Copy the lines below word for word, skipping any image.

-------

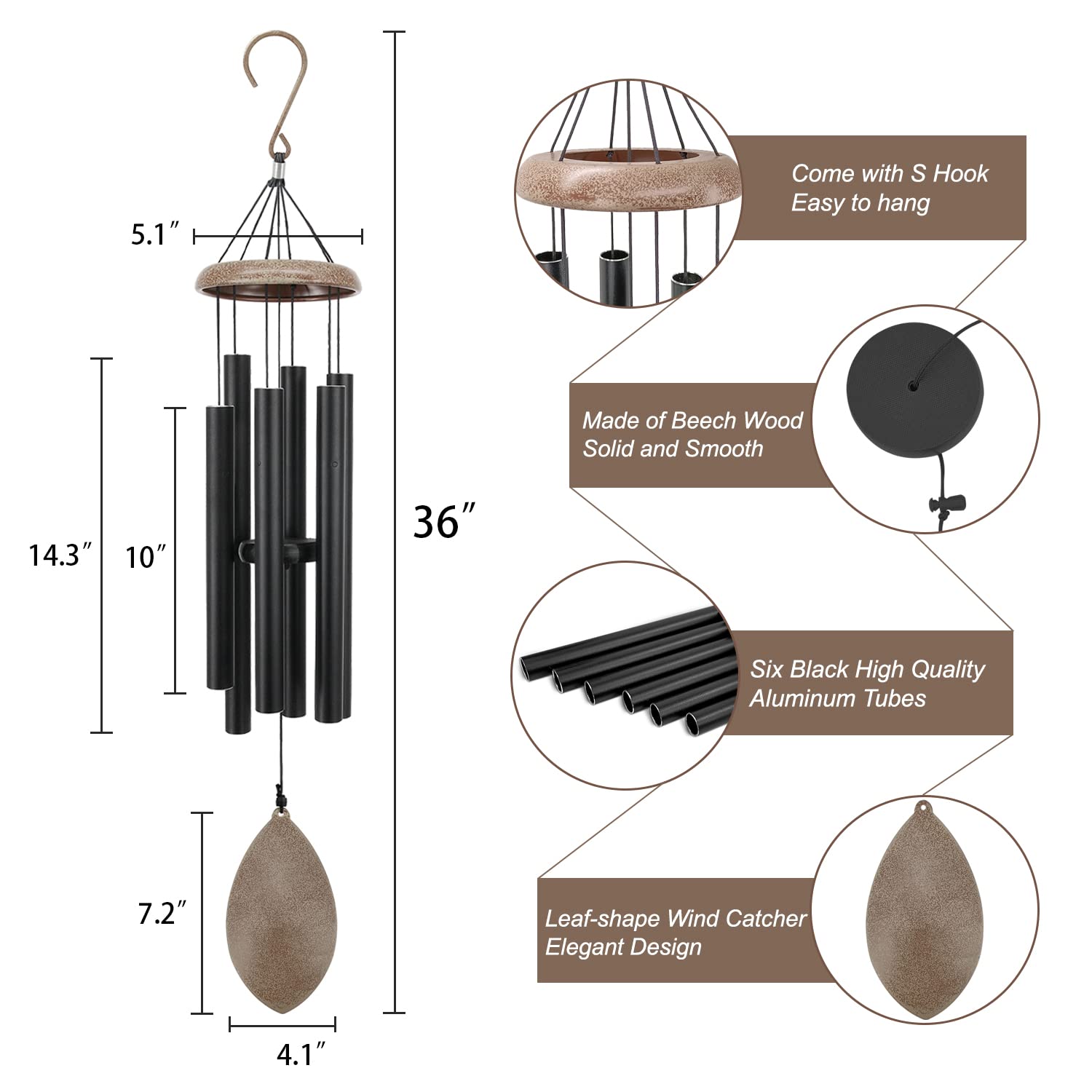 ASTARIN memorial gift wind chime conveys sympathy with soothing outdoor tones.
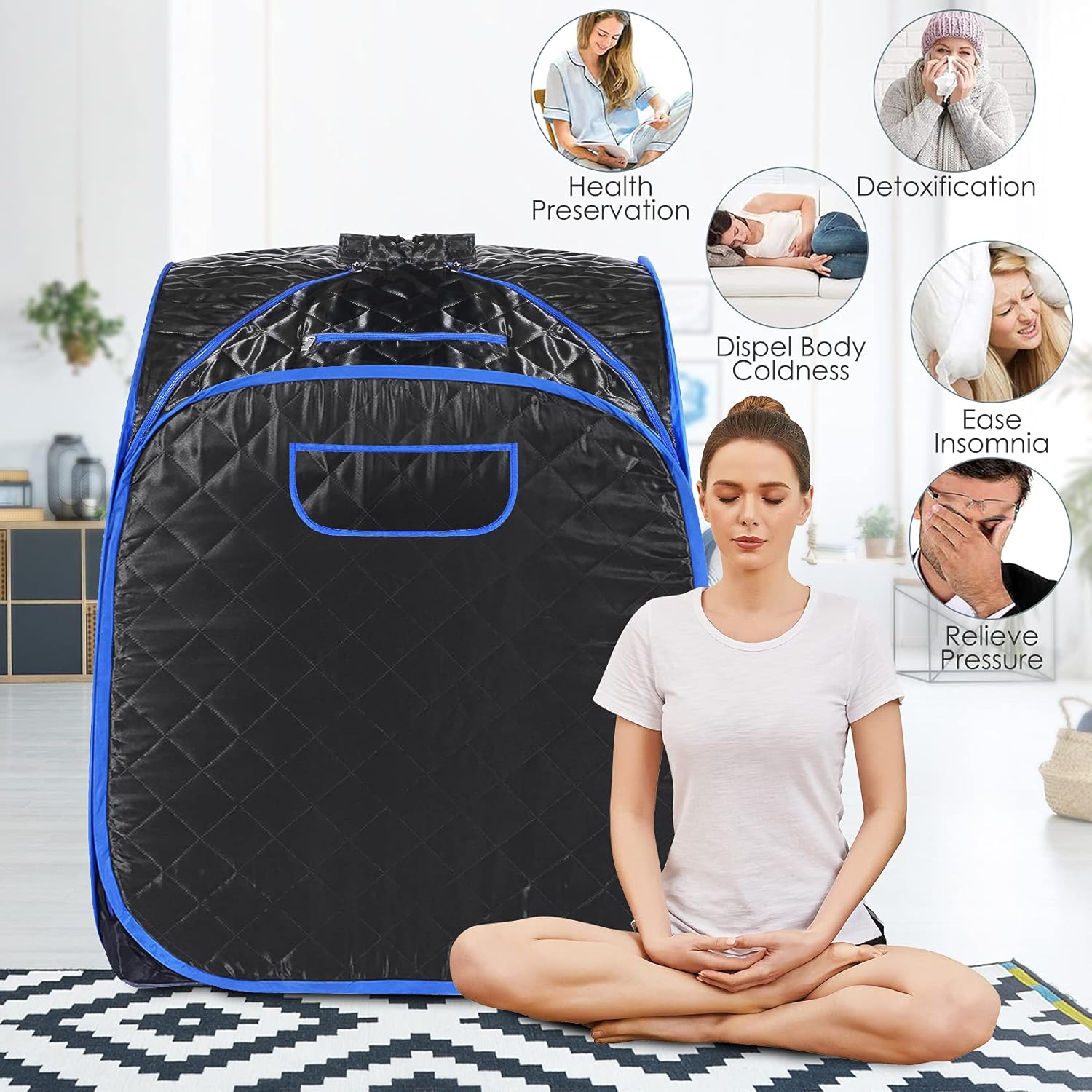Spa de sauna de vapor portátil con control remoto, temperatura de 9 marchas, temporizador de 60 minutos, función de atomización, tienda de campaña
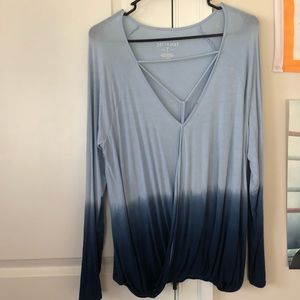 long sleeve wrap cut out tee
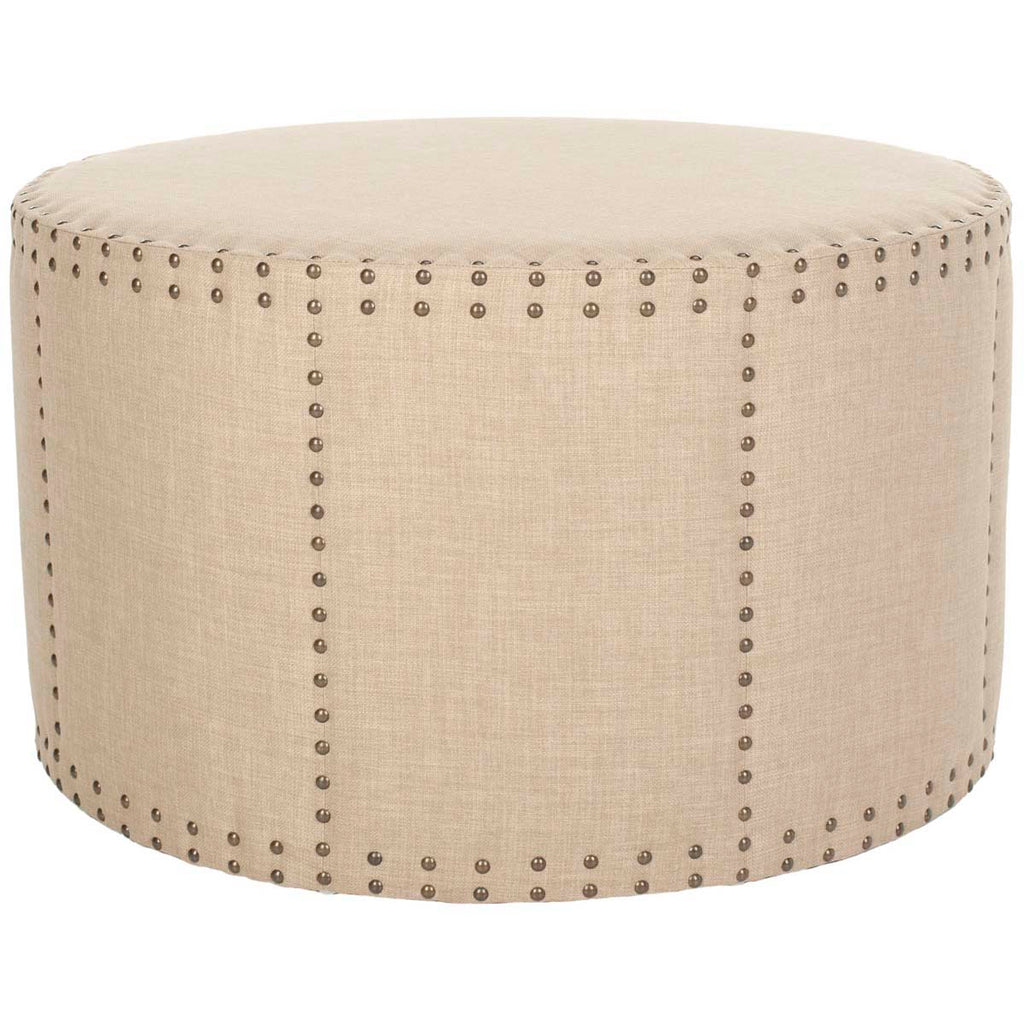 Safavieh Sherri Cocktail Ottoman - Brass Nail Heads - Beige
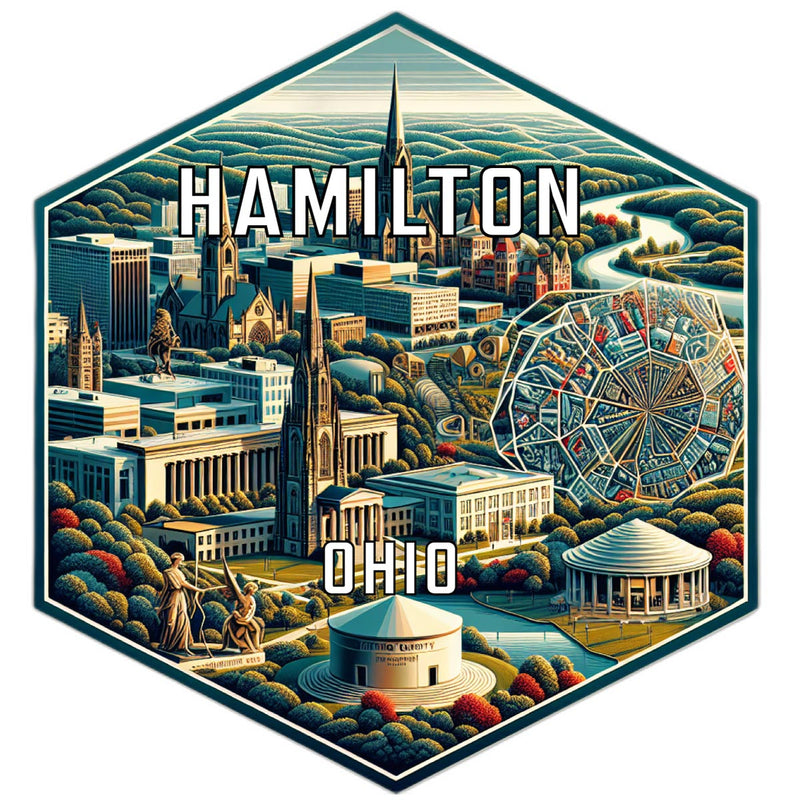 Hamilton Ohio Souvenir Travel Destination Die Cut Hexagon Fridge Magnet 2-Inch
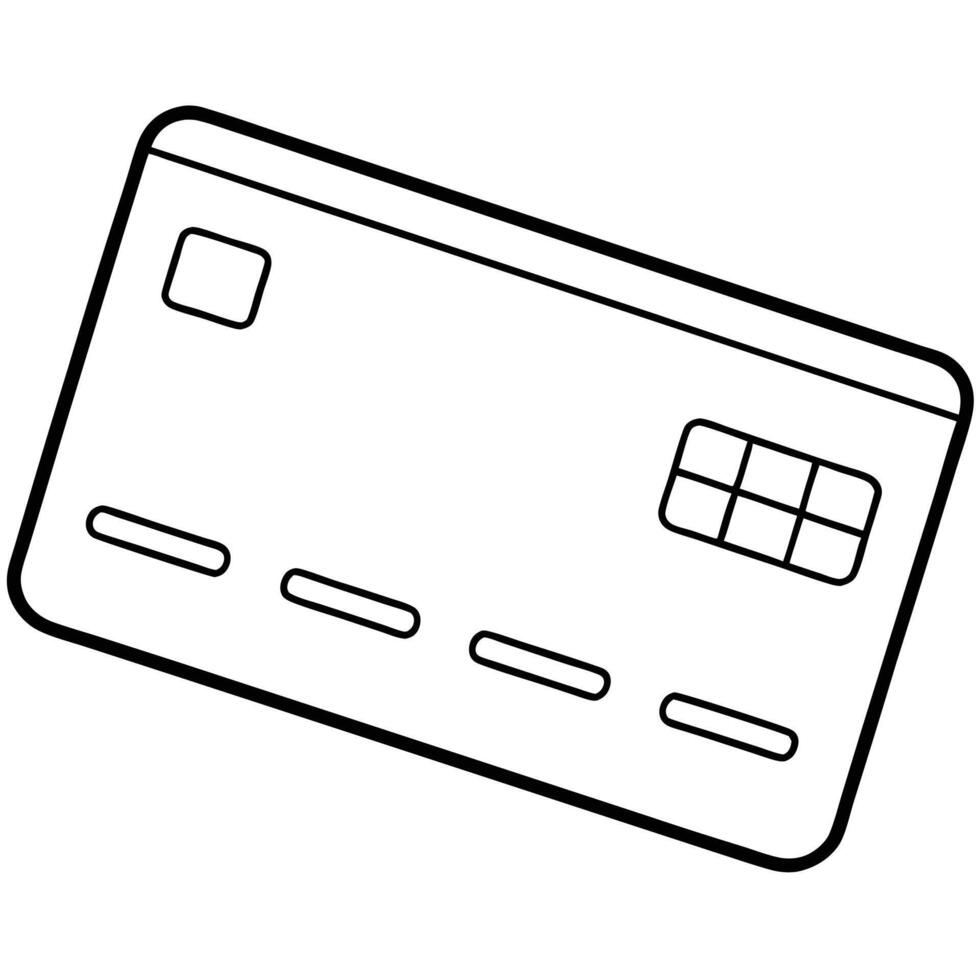 Credit Card Outline, Payment Method, Banking Icon, Finance Symbol vector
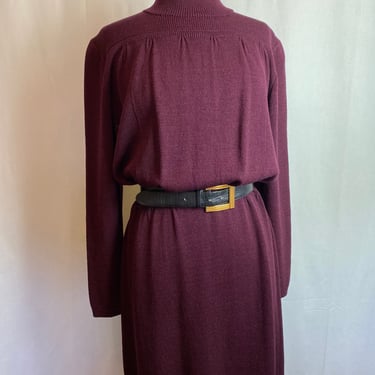 Vtg 80’s 90’s Long wool knit sweater dress~ deep burgundy color St Johns style ladies size 12-14 / high neck Fall winter dresses 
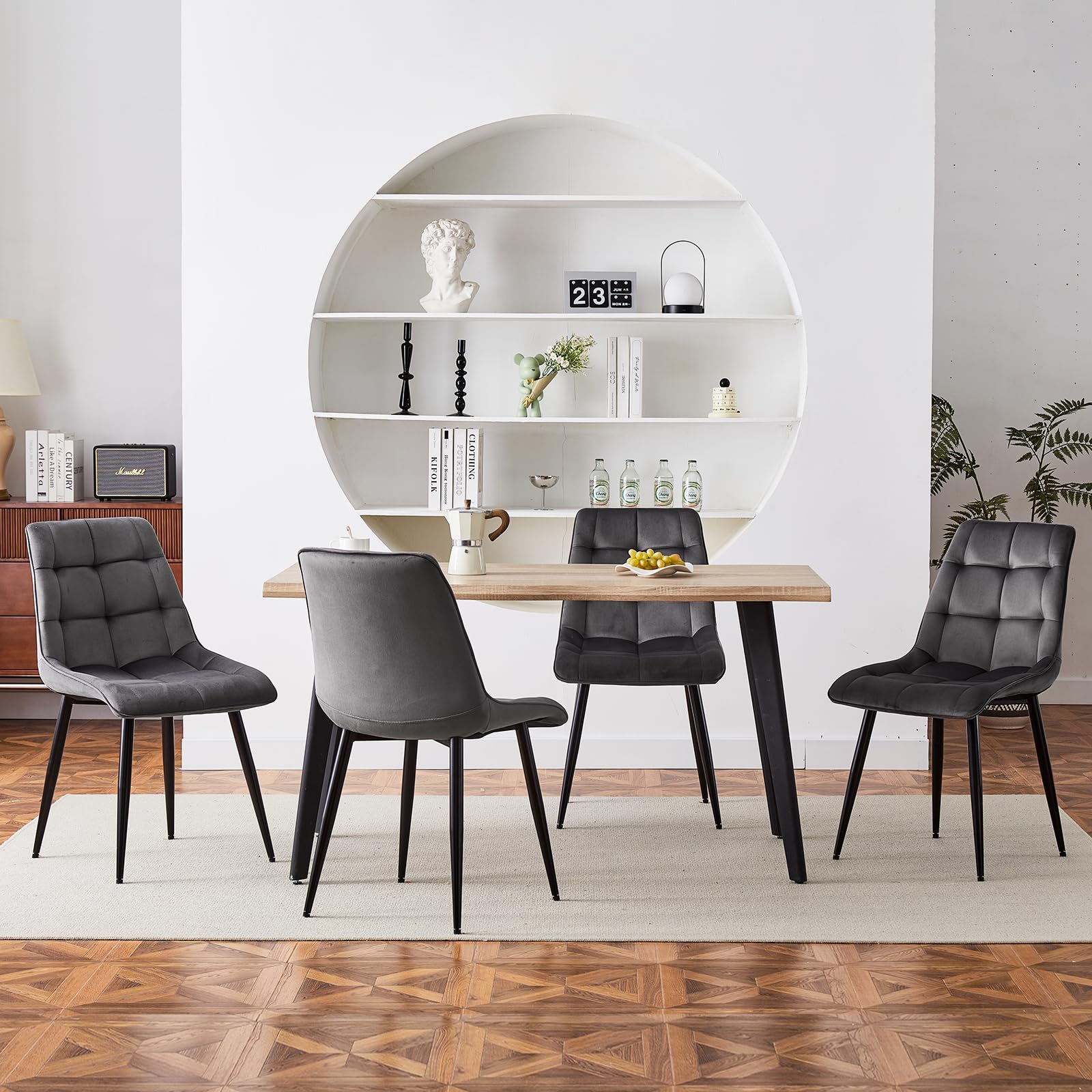 TUKAILAI Esszimmerstühle 6er Set aus Samt, Küchenstuhl Polsterstuhl Wohnzimmerstuhl mit Rückenlehne,Gepolsterter Sitz, Metallbeine, Design Stuhl für Küche Esszimmer, Dunkelgrau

-------

_Output of the exercise_
 ASTARIN memorial gift wind chime conveys sympathy with soothing outdoor tones.
Spa de sauna de vapor portátil con control remoto, temperatura de 9 marchas, temporizador de 60 minutos, función de atomización, tienda de campaña
 long sleeve wrap cut out tee
 Safavieh Sherri Cocktail Ottoman - Brass Nail Heads - Beige
 Hamilton Ohio Souvenir Travel Destination Die Cut Hexagon Fridge Magnet 2-Inch
 Credit Card Outline, Payment Method, Banking Icon, Finance Symbol vector
 Vtg 80’s 90’s Long wool knit sweater dress~ deep burgundy color St Johns style ladies size 12-14 / high neck Fall winter dresses 
 TUKAILAI Esszimmerstühle 6er Set aus Samt, Küchenstuhl Polsterstuhl Wohnzimmerstuhl mit Rückenlehne,Gepolsterter Sitz, Metallbeine, Design Stuhl für Küche Esszimmer, Dunkelgrau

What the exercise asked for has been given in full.